I’ve been a tour guide in Hasidic Williamsburg for many years and I pretty much always did my own research because the stuff that’s published on this community is usually not good. This book GETS IT. And it does so with:
1. A staggering scope of research spanning from after the Holocaust until today, using sources formally and informally published in the community in Yiddish and Hebrew, Jewish religious texts, city records, records from the black and Hispanic and other city groups, media coverage, message boards, Hasidic forums, lots of interviews, on and on — the authors investigated every avenue.

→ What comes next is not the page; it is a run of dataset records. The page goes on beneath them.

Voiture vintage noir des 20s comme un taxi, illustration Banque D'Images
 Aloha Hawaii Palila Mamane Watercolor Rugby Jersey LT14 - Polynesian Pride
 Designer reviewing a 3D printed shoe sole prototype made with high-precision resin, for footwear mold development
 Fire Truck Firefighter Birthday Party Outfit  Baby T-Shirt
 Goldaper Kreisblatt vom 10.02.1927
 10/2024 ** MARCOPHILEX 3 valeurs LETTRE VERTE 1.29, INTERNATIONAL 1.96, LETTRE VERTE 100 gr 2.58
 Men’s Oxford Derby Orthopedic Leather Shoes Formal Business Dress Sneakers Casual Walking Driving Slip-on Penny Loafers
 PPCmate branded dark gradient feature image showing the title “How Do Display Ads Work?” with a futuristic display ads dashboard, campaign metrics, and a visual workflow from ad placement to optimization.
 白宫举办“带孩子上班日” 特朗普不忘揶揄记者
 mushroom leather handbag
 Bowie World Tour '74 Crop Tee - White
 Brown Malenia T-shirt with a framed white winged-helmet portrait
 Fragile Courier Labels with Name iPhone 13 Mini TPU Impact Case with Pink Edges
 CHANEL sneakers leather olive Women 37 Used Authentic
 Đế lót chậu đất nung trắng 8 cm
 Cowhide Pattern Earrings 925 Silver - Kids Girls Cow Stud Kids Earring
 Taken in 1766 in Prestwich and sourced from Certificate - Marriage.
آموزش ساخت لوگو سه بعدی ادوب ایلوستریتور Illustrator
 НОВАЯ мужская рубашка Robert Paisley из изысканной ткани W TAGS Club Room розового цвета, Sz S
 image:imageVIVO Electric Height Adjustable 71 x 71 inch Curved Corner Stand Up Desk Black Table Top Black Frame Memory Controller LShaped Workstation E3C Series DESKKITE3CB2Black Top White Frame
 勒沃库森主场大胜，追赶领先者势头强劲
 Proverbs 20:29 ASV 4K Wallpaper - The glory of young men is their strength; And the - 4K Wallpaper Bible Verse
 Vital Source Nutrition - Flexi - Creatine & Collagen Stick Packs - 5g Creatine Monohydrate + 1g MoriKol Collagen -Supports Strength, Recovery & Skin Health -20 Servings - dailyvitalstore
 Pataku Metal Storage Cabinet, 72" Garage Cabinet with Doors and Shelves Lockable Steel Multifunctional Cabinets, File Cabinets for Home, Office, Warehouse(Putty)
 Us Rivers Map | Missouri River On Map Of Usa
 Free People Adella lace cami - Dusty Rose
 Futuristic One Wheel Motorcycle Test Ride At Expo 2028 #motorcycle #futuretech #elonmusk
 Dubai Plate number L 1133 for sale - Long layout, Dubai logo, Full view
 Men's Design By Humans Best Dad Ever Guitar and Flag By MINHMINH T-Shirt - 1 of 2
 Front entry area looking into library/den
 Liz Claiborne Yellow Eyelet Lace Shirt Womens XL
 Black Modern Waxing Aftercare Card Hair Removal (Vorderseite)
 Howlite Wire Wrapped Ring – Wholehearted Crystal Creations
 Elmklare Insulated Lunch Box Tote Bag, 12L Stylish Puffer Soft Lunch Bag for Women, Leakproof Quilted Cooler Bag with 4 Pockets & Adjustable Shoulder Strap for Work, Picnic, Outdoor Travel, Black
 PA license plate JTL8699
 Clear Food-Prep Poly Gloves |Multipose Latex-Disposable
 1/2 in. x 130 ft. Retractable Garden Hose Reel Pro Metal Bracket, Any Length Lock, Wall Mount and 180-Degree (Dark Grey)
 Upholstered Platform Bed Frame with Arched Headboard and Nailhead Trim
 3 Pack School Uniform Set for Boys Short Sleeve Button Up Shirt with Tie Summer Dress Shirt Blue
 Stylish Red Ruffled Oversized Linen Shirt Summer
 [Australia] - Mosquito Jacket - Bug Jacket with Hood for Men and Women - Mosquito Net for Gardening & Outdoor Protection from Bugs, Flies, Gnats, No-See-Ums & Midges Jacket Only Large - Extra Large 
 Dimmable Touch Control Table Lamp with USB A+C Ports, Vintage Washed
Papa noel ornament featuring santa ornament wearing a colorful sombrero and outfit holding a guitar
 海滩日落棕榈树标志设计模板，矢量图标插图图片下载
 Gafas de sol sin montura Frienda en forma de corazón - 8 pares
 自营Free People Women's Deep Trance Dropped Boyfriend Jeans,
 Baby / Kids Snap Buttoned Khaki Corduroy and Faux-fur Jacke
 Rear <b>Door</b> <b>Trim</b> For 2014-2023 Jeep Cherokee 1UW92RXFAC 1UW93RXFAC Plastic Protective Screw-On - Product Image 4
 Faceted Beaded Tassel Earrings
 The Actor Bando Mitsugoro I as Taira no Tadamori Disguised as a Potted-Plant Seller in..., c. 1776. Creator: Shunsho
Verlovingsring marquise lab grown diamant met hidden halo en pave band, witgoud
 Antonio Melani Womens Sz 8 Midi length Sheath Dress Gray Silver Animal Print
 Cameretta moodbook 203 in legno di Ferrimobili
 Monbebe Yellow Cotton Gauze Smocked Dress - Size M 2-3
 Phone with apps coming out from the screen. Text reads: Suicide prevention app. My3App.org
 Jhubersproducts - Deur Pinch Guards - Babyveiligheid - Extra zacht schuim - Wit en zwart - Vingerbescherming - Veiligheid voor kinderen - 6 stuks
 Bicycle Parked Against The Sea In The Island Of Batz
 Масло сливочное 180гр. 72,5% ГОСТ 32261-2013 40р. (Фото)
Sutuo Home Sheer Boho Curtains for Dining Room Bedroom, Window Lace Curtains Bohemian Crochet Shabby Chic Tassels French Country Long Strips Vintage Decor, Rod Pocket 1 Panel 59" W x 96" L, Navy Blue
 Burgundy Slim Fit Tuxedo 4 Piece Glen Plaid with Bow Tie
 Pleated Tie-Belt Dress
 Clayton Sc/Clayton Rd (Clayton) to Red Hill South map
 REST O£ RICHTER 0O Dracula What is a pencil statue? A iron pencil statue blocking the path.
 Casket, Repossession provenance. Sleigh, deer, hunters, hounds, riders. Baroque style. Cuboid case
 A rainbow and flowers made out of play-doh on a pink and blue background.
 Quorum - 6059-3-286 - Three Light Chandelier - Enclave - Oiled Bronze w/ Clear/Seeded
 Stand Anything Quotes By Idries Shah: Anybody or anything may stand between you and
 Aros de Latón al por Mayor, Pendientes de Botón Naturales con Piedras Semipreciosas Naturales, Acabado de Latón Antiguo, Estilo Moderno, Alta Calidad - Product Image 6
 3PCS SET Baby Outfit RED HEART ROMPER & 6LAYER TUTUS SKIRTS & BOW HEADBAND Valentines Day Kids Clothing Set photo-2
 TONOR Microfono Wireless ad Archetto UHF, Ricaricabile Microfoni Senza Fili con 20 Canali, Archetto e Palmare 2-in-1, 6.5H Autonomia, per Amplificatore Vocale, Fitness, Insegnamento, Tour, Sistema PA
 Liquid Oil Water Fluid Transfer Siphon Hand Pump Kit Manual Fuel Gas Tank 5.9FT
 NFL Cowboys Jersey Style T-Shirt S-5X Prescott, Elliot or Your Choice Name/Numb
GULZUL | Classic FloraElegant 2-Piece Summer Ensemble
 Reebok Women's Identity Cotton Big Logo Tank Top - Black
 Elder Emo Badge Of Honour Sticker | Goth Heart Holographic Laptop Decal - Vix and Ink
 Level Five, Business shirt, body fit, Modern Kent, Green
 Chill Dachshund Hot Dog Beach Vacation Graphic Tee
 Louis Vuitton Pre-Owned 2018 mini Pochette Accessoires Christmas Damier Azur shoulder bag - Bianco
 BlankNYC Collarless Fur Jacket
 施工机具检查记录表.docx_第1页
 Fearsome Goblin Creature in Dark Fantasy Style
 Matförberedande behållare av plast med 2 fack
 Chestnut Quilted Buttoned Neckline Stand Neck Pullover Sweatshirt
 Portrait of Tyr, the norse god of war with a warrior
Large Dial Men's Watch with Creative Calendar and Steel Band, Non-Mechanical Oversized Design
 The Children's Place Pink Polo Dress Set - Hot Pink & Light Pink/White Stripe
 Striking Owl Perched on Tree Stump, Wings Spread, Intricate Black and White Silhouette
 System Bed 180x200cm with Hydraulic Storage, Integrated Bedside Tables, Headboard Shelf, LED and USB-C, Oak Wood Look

2. Correct, careful, sensitive framing to contextualize stories into the wider context of gentrification, ethnic minorities, nyc immigration, Jewish history, and so on. The individuals who are assholes in the Williamsburg story come through as individuals who are assholes (and there are a lot of colorful characters), not as representative of whole groups.
3. Beautifully written. I love some of the quotes in the book from black community leaders, Hasidim, hipsters, etc. Often spicy or funny or just very intelligent.
It’s a shame about the afterward though. For such a carefully written, wholly iconoclastic book, the afterward repeats superficial stereotypes. Maybe the authors were in a rush to get some timely commentary in, but I think those are very surface readings.
Big thanks to the authors for the labor that went into telling this exceptional story. It will be a classic in history books. I might do a book reading tour! Use small bits and read them to my tourists at different sites…
If you are not up for reading the whole book, I suggestion you read the introduction.